I'm not sure I agree that the last month was completely wasted. Obama had to check the "travel overseas" and "tour Iraq" boxes before the debates or else McCain would lambast him for being disinterested in national security. It was a costly exercise for Obama but he had to do it. When he got back, he had the Olympics dominating people's attention and the convention to plan and a VP to pick.

But yes, it is now "go time." Obama has got to come out swinging with the vigor he displayed in the primaries.

USWest said...

And Obama may have to simplify his message. What pisses me off is that people like McCain and Bush talk in these short, nothing sentences . . .when they can even get trough a sentence . . . that contain no content, but also no ambiguity. And the masses suck it up. "he's an average Joe, like us! We like him." And then we get democrats like Kerry and like Obama who are articulate and practical and who recognize the complexities of problems and who, as a result, speak in more nuanced tones. And they get hit with "flip flopper" "indecisive" etc. So time and again, they vote for the "black and white straight talker" whom they understand, and people like Obama get dinged. And it doesn't matter to these people that the "straight talker" is lying through his teeth, and most of them, based on recent poll releases, don't realize how much flip flopping McCain has done! They forget. Their little pea-brained memories forget.

This is what worries me about the debates. If Obama doesn't remain straightforward and concise, it will be Bush v. Gore, Bush v. Kerry all over again. It's fine to soar with the rhetoric, but don't get too fancy because he'll inspire, but make Joe Bob feel inferior. And so help him if Joe Bob is made to feel inferior by a black man.

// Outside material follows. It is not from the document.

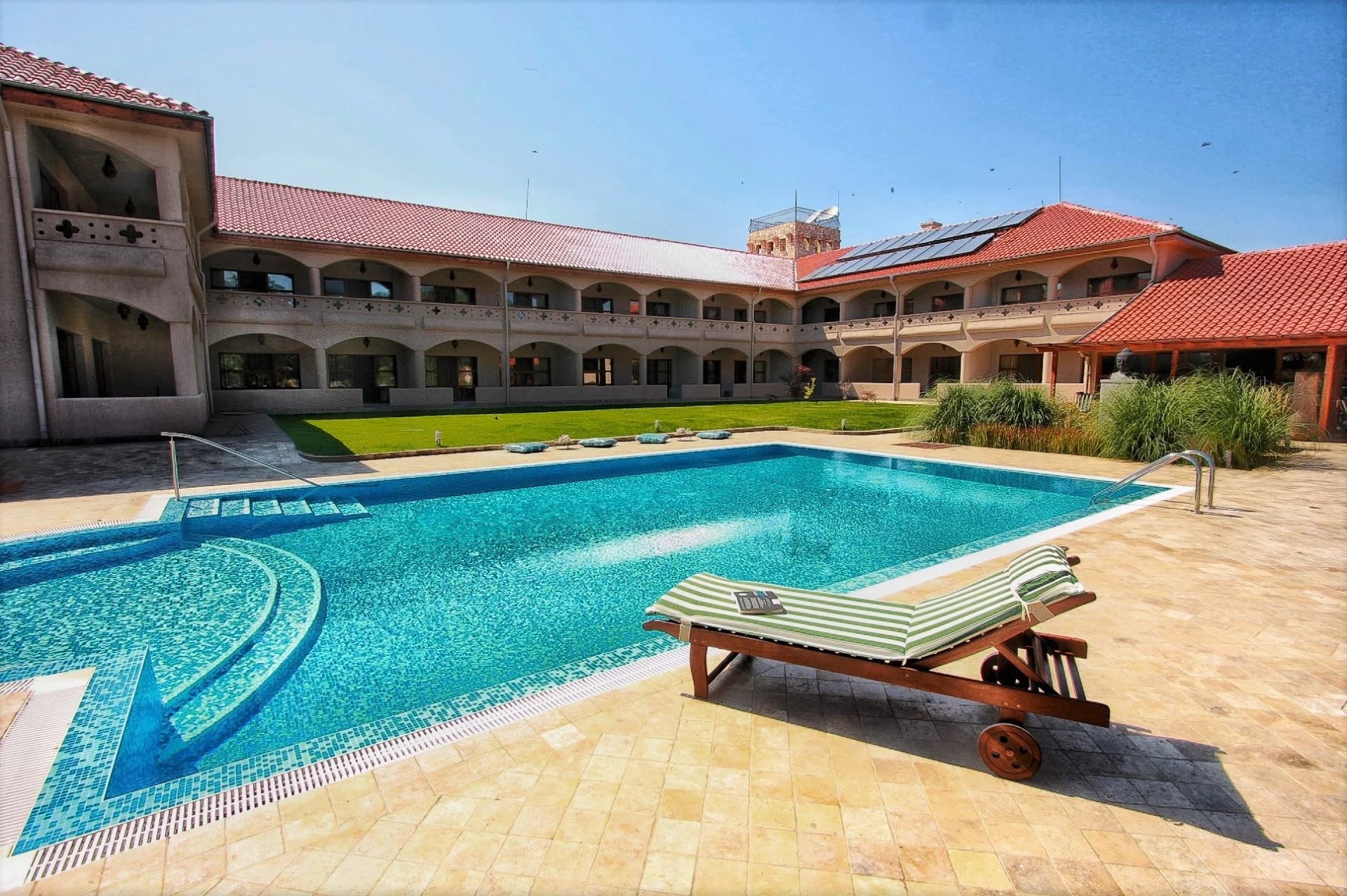 Hôtel Primorsko  -  ref 83176503 (picture 1)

If McCain manages to set the bar so low like Bush did, then Obama will be declared the "loser" every time just because McCain managed to get through without drooling on himself.

Raised By Republicans said...

McCain has had so many positions on the key issues I doubt he'll be able to keep them straight in the debates. He's already had a "I voted for it before I voted against it" type moment on the New GI Bill - which he opposed.

The biggest flip flop that McCain can't escape that I expect Obama to nail him with in a debate is his connection to Bush. In the Primaries McCain made his 95% pro-Bush voting the center piece of his campaign. Now he's trying to convince people he knows there are problems and he's just the guy to fix them. Look for at least one moment in the debate where Obama calls him out on that.